City Commissioner Clayton Lopez was in middle school when Monroe County schools integrated. He finished sixth grade at the all-black Frederick Douglass School and then started seventh grade at a newly integrated Horace O’Bryant School.
“There’s a big difference between sixth and seventh grade anyway, and then add the cultural change of integration on top of that. I didn’t do well with the transition initially,” Lopez said on Jan. 17 while speaking to students at the new Island Prep Charter High School on Flagler Avenue.
In honor of the Jan. 20 holiday honoring Martin Luther King, Jr., school officials asked Lopez to share some of his experiences and memories of a different time on a different island in a different world.
“These are some of the things we endured.”
“I remember the colored-only water fountains — it didn’t have cold water. It was painted black porcelain, and the whites-only water fountain was a new stainless steel one with a compressor inside to chill the water.”

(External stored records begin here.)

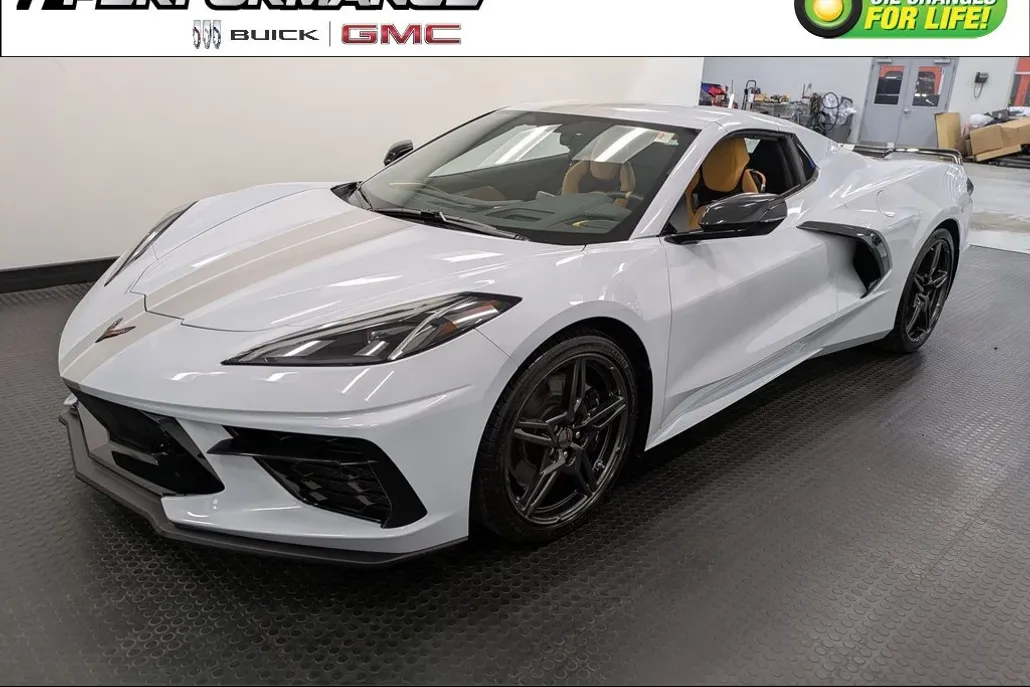 2023 Chevrolet Corvette Stingray 2LT Convertible photo 1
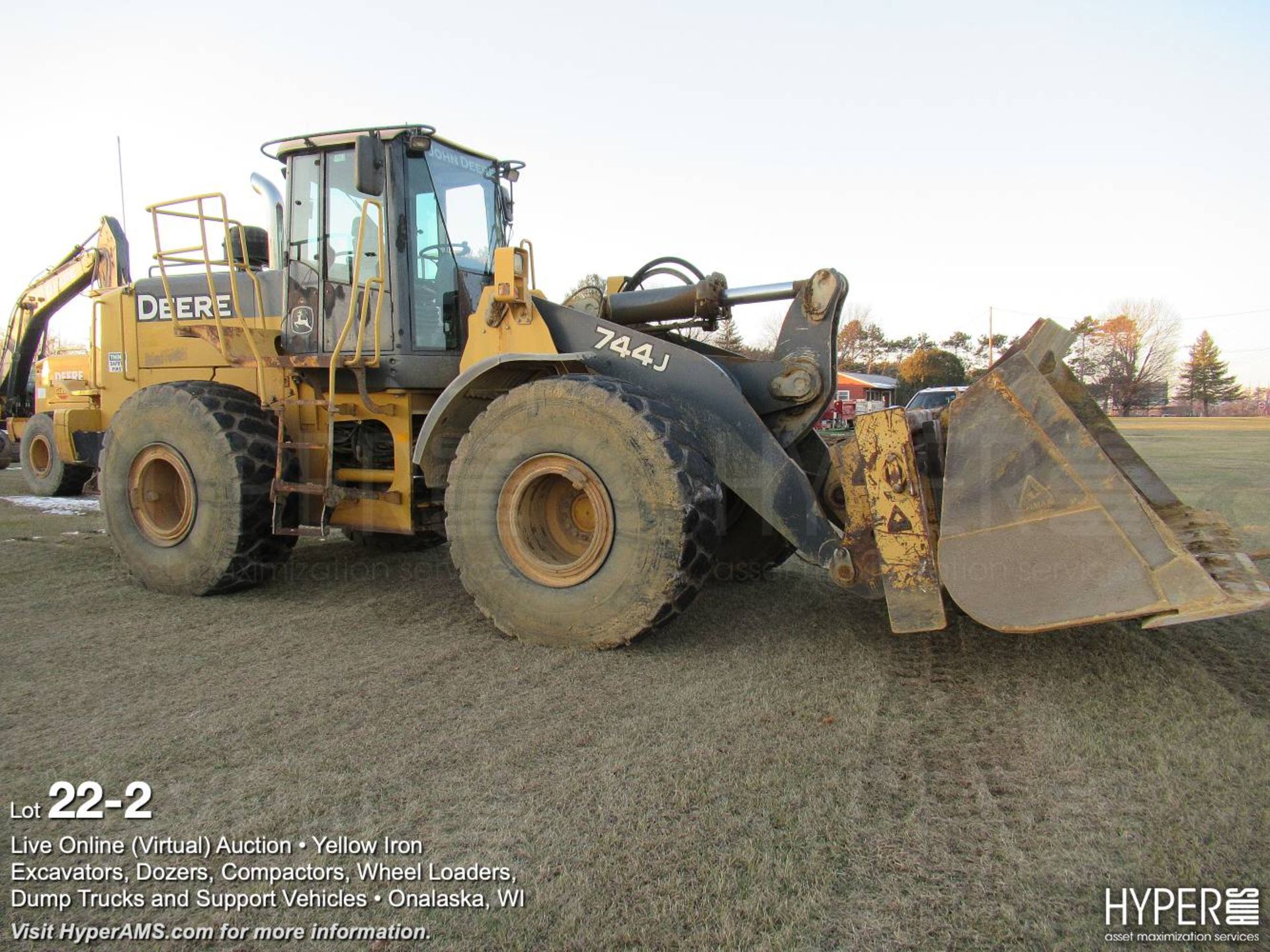 2004 John Deere 744J Wheel Loader - Image 2 of 12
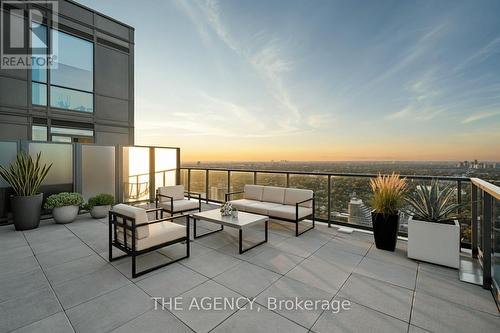 4506 - 39 Roehampton Avenue, Toronto, ON - Outdoor With View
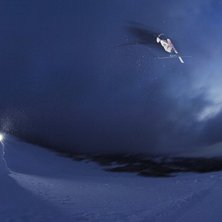 Henrik Harlaut skickar en Switch 12 under en kv&auml;l. Foto: Mattias Fredriksson. &Aring;kare: Henrik Harlaut.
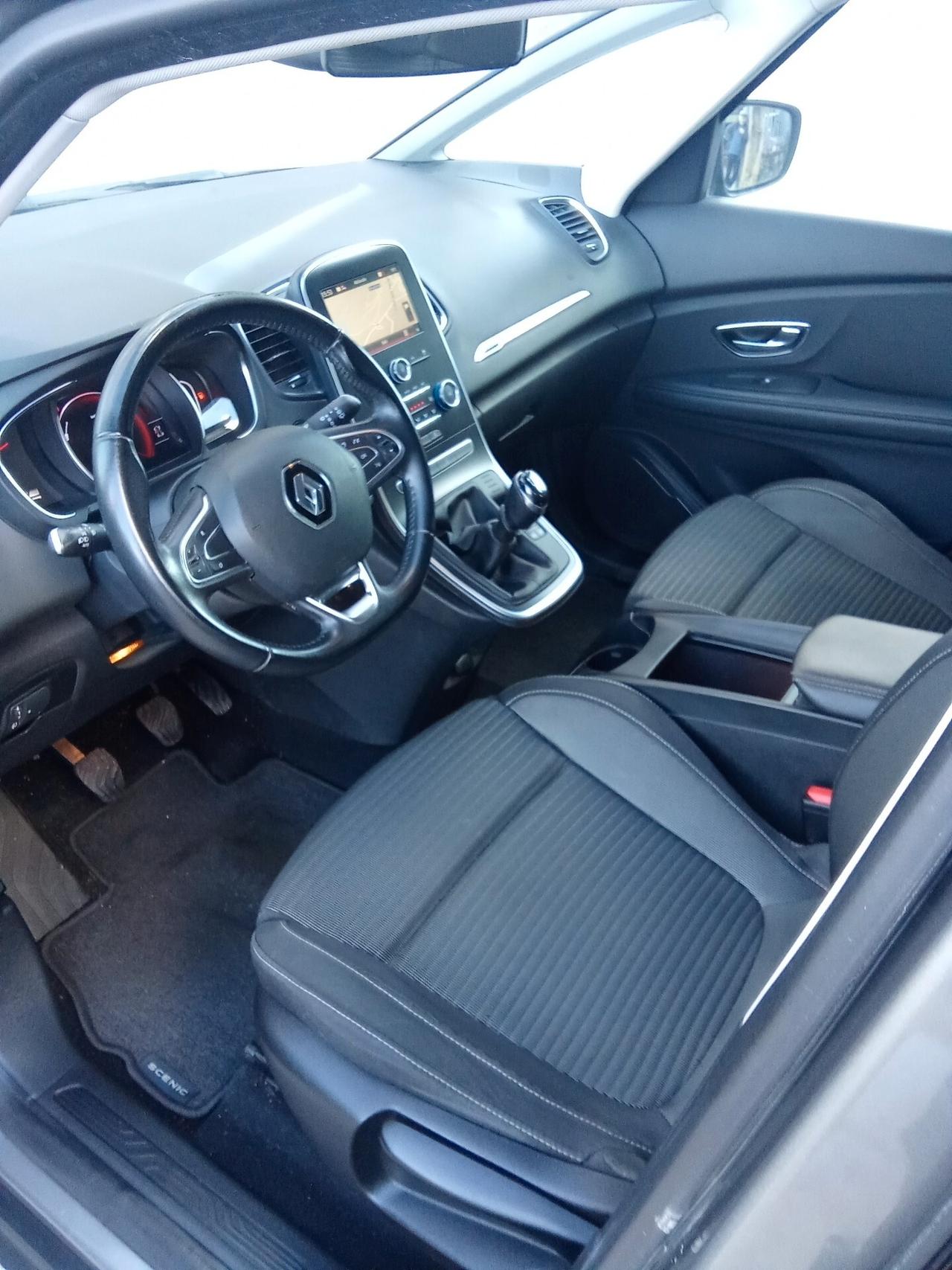 Renault Scenic Blue 1700 dCi 120 CV 019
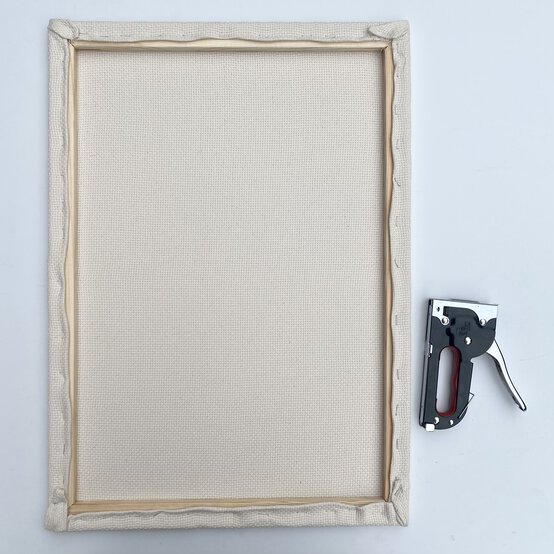 how-to-prepare-a-punch-needle-frame-step_13_reverse_of_finished_frame.jpg?sw=554&q=85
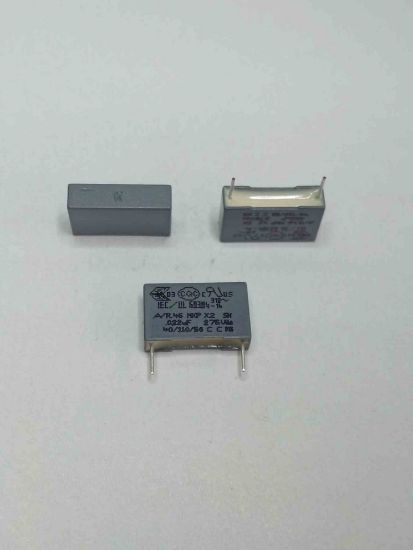 R46KI22200001K1 22NF 275VAC 15 0.1 KEMET POLYESTER KONDANSATÖR resmi
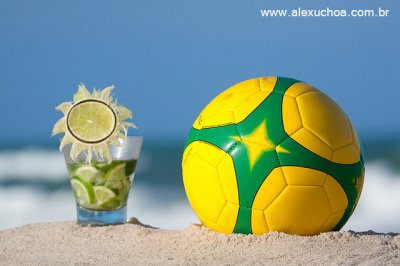 caipirinha de limão e bola de futebol com cores do Brasil 8896.jpg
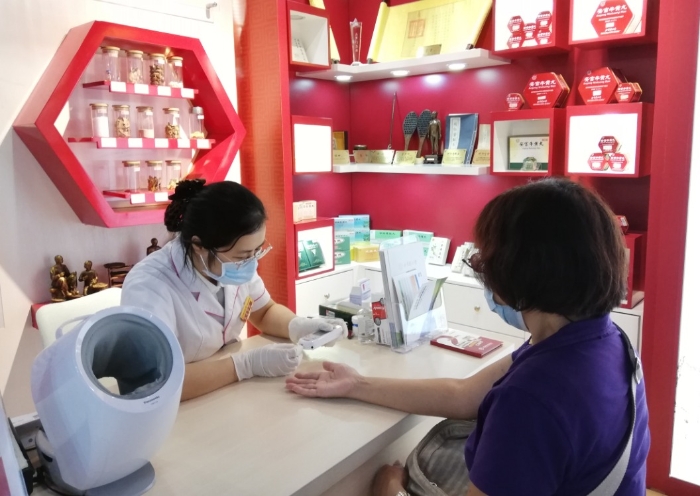 廣東省-廣州市-海珠區(qū)-北京同仁堂廣州藥業(yè)連鎖有限公司昌崗店-陳燕琦（工作照）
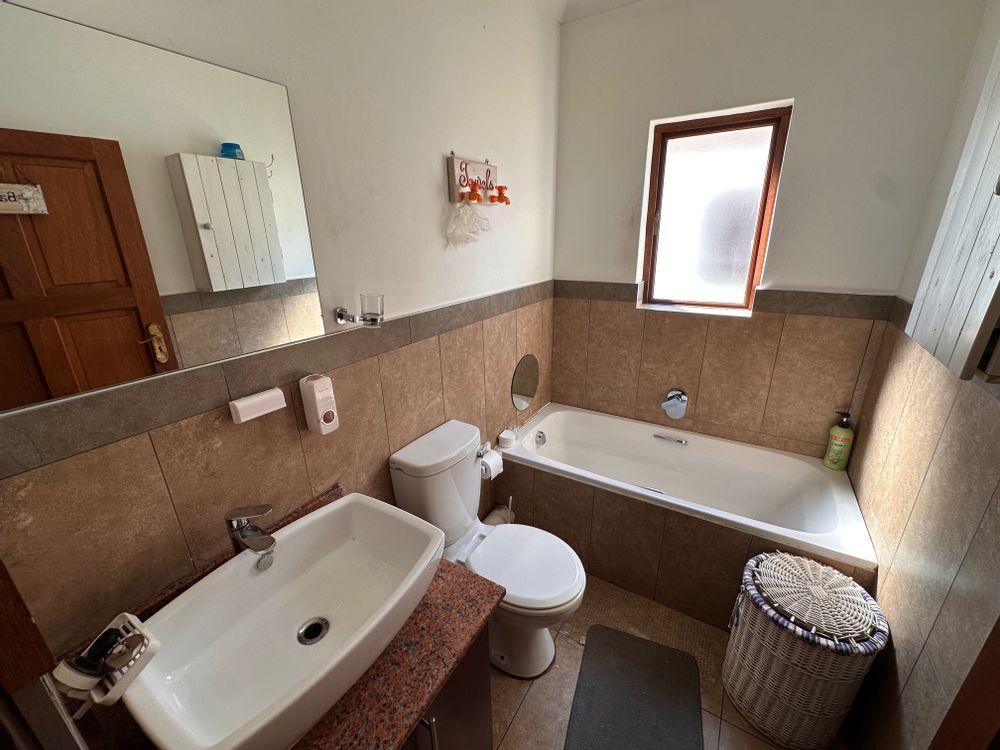 2nd Bathroom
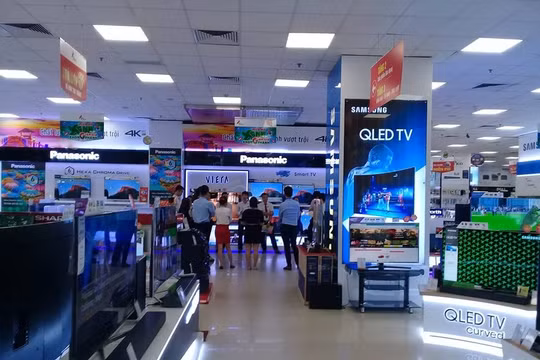 Gian hàng tivi tại siêu thị điện máy Pico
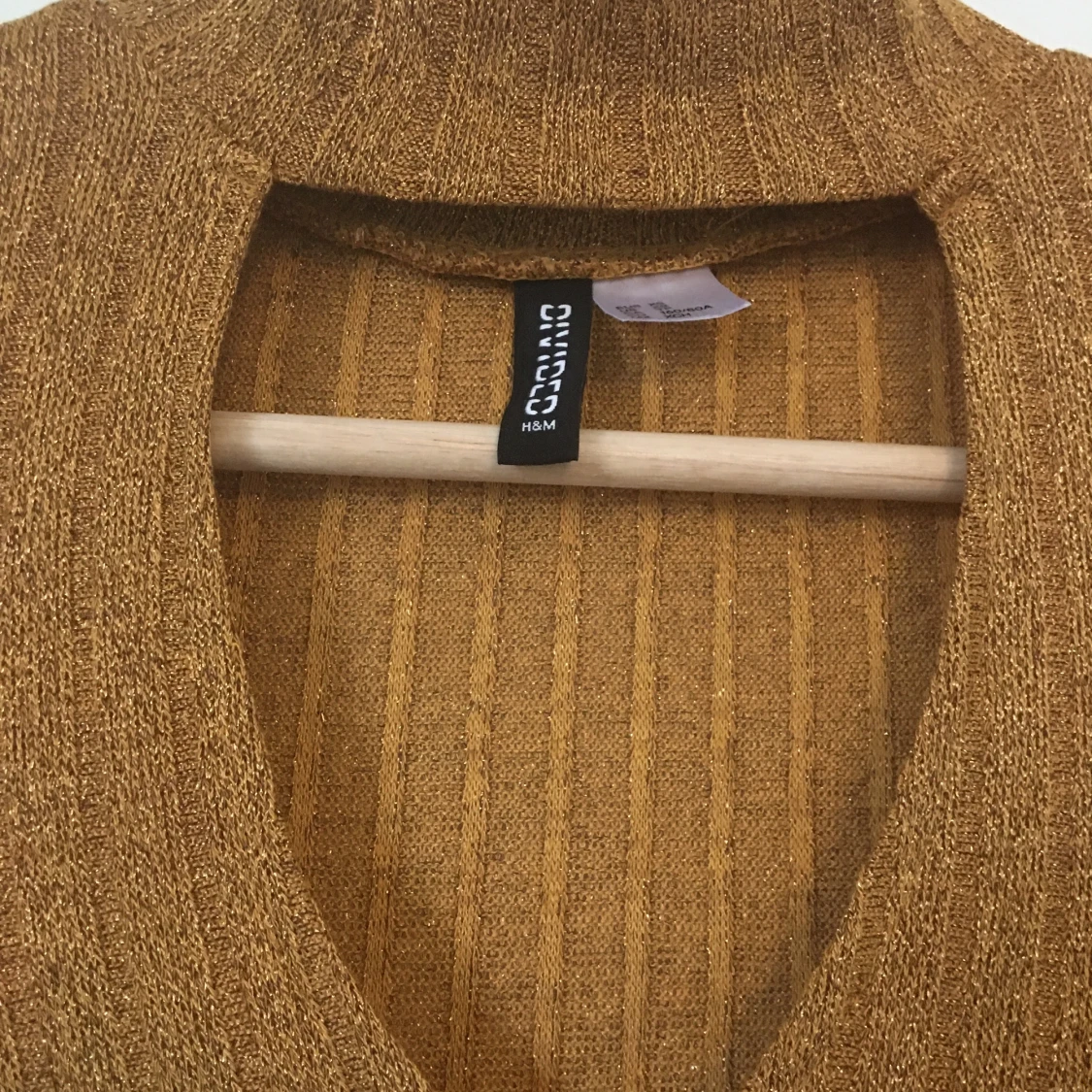 Guldglittrig tröja med krage från H&M - 90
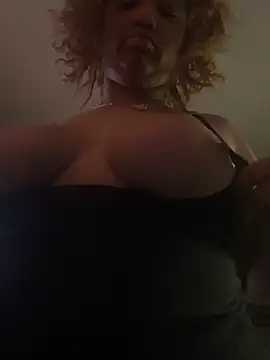 StylishEchium online show from July 4, 10:36 pm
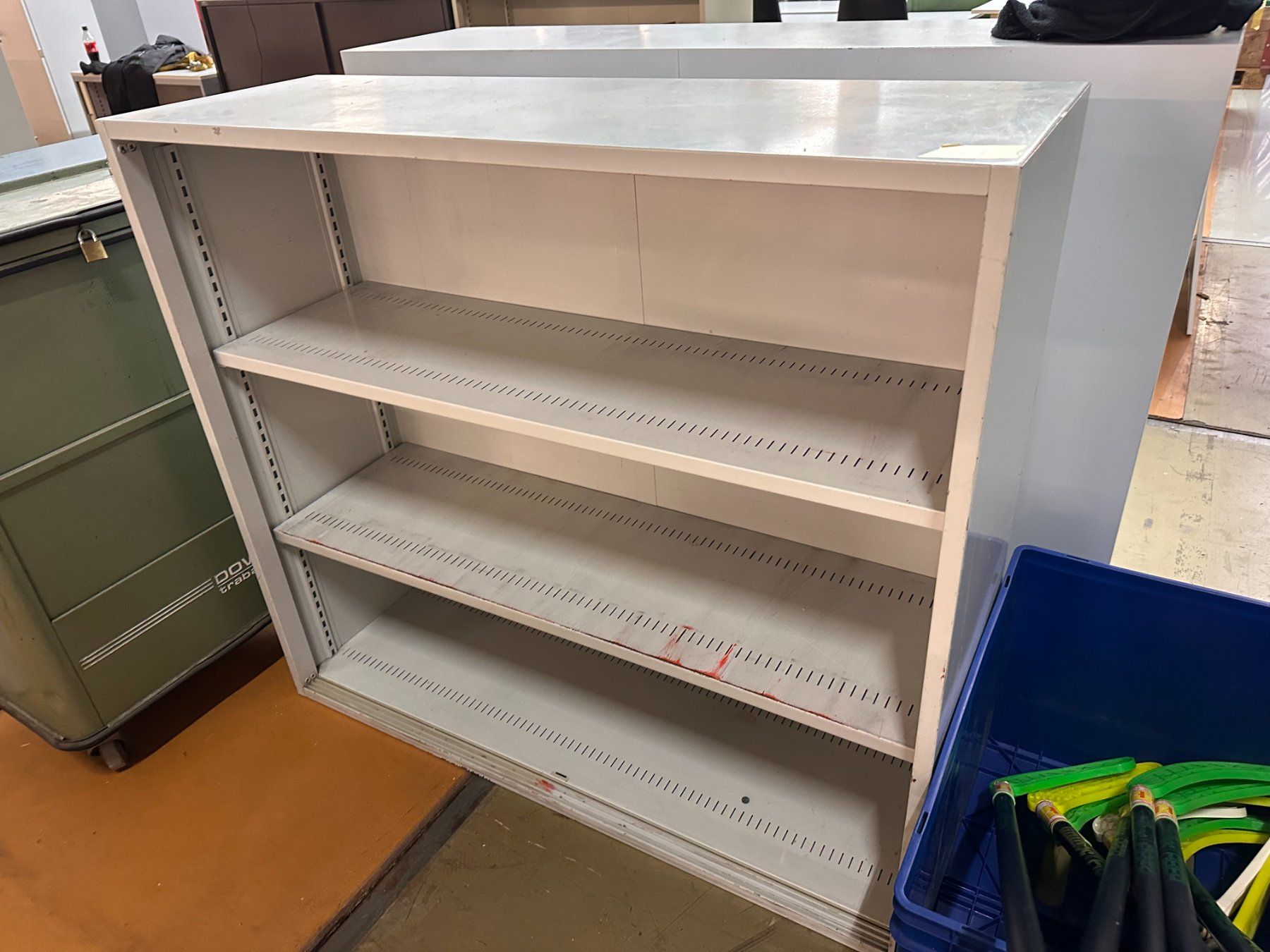 Lista Armadi: Lista Metallschrank mit 2 Schwerlast-Tablaren – Usato da Necker venduto da liq24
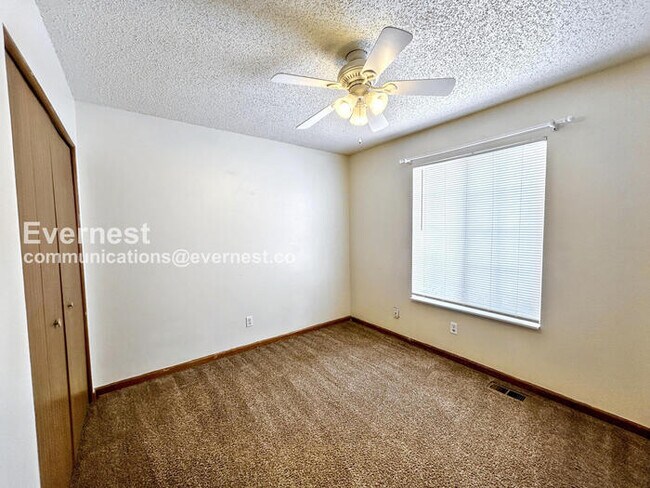 Building Photo - 615 Seawell Dr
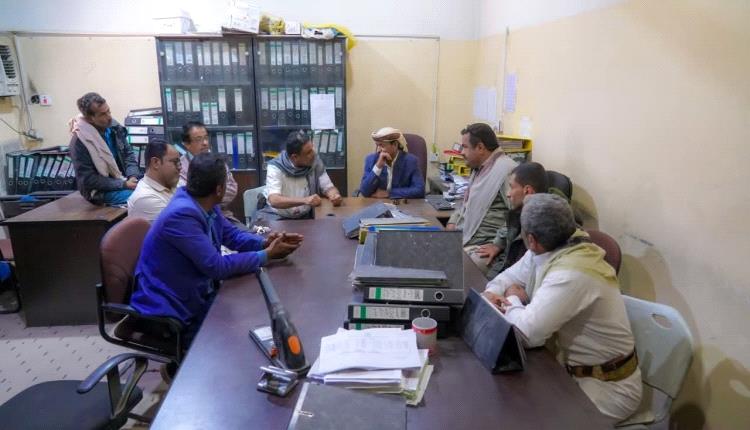 المحافظ بن الوزير يتفقد مؤسسة الكهرباء ويؤكد: تحسين الخدمات وتعزيز الاستقرار أولوية العمل في شبوة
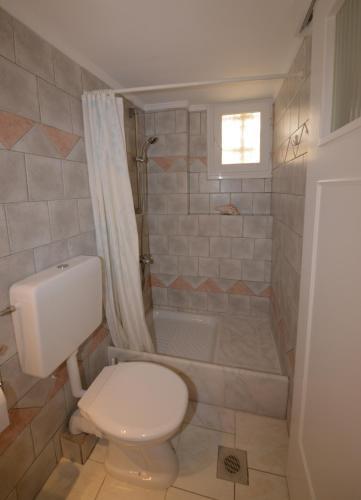 Konstantza Studios And Apartments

“I would not have been legally allowed to marry the woman I love prior to 1977, when mixed-race marriage was allowed.”
“I remember my grandmother and her two sisters making sure we stayed behind the line in the back of the bus.”
“Key West was not as badly segregated as other places, but it still existed.”
“Even though Key West still had a mix of backgrounds, we all had little pockets in which we stayed.”
“Blacks couldn’t even be buried next to white people in the cemetery.”
“There was anger on both sides following desegregation.”
“There were at least one or two fights weekly after the schools integrated.”
“Those of us who struggled socially and academically were targeted, but a few teachers saw us struggling and reached out.”
“In 1972, what began as a simple disagreement between a black student and a white student turned into a citywide riot.”
“There was a period when blacks couldn’t swim at Smathers or Higgs Beach. What’s now the Southernmost Point buoy was called the Colored Beach.”
“There’s always a way to find some good or to make a bad situation better.”
“My politics and religion don’t have to agree with yours, but if we can work together to make this a better place, that’s what we’re here to do.”